To my horror, Members of Parliament were standing up in the House of Commons with petitions from across Canada demanding that we amend Canada's Patent laws again, which, after a long and tortured history, were almost back up to world standards.

My email campaign consisted of sending an e-mail to 305 MP's, in blocks of 10, grouped by region and party.

So 31 emails were sent, 10 MP's at at time. It took a bit of time because 305 separate cut and paste operations from the website were necessary. I also took the liberty of using the openParliament photo gallery for these blogs.

Conservative and opposition members received their own version of the email, as did Prime Minister Stephen Harper. I did not bother Andrew Scheer, the Speaker of the House. It would have been a sheer waste of time on more than one level, I'm sure.

I received only 3 non-automated responses (if a reply was addressed me by name, it was regarded as non-automated). The low response rate was a bit of a surprise because past experience has been much better. Just a few years back, even Rob Anders at least wanted to know here I lived before not responding to my question about proroguing parliament.

Stephen Harper's office responded immediately, with assurances that my email had been forwarded to the Minister of Industry, Christian Paradis.

The Honourable Christian Paradis is also the Minister of Bullshit Agriculture. I never heard back from Paradis. No surprise really.

Jim Hillyer's office also responded but noted that constituents are first priority. The address and phone number of the constituency office was included.

The only MP who really responded was Hedy Fry and it was a great response. She stated her support for the bill, gave me the reasons why, but emphasized that she had reservations about it and felt is should go before committee before being made law.

I would vote for Hedy Fry in a heartbeat now (that is, if I was actually allowed to vote). She is a doctor. She knows what she is talking about; I trust her judgment and I love her passion.
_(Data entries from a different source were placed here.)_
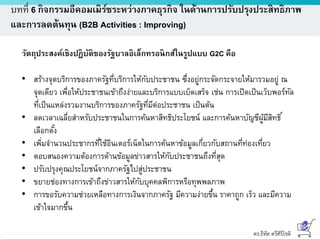 ดร.ธีทัต ตรีศิริโชติ
บทที่ 6 กิจกรรมอีคอมเมิร์ซระหว่างภาคธุรกิจ ในด้านการปรับปรุงประสิทธิภาพ
และการลดต้นทุน (B2B Activities : Improving)
วัตถุประสงค์เชิงปฏิบัติของรัฐบาลอิเล็กทรอนิกส์ในรูปแบบ G2C คือ
• สร้างจุดบริการของภาครัฐที่บริการให้กับประชาชน ซึ่งอยู่กระจัดกระจายให้มารวมอยู่ ณ
จุดเดียว เพื่อให้ประชาชนเข้าถึงง่ายและบริการแบบเบ็ดเสร็จ เช่น การเปิดเป็นเว็บพอร์ทัล
ที่เป็นแหล่งรวมงานบริการของภาครัฐที่มีต่อประชาชน เป็นต้น
• ลดเวลาเฉลี่ยสาหรับประชาชนในการค้นหาสิทธิประโยชน์ และการค้นหาบัญชีผู้มีสิทธิ์
เลือกตั้ง
• เพิ่มจานวนประชากรที่ใช้อินเตอร์เน็ตในการค้นหาข้อมูลเกี่ยวกับสถานที่ท่องเที่ยว
• ตอบสนองความต้องการด้านข้อมูลข่าวสารให้กับประชาชนถึงที่สุด
• ปรับปรุงคุณประโยชน์จากภาครัฐไปสู่ประชาชน
• ขยายช่องทางการเข้าถึงข่าวสารให้กับบุคคลพิการหรือทุพพลภาพ
• การขอรับความช่วยเหลือทางการเงินจากภาครัฐ มีความง่ายขึ้น ราคาถูก เร็ว และมีความ
เข้าใจมากขึ้น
I replied with a warm thank-you and good wishes.

This KILL BILL campaign even convinced me that I had to join Twitter, so desperate was I to get the message out. This was not easy for me. One of my favorite movies of all times is "The Lives of Others". Ever since watching it I have this thing about being followed. Vic Toews may be watching.

I'm not about to suggest I had anything to do with the outcome here, but the vote on C-398 was close. I can only hope that more than 3 MP's read that email and maybe just changed their minds, abstained, or whatever. It could have gone either way.

I'm just happy at the way it turned out.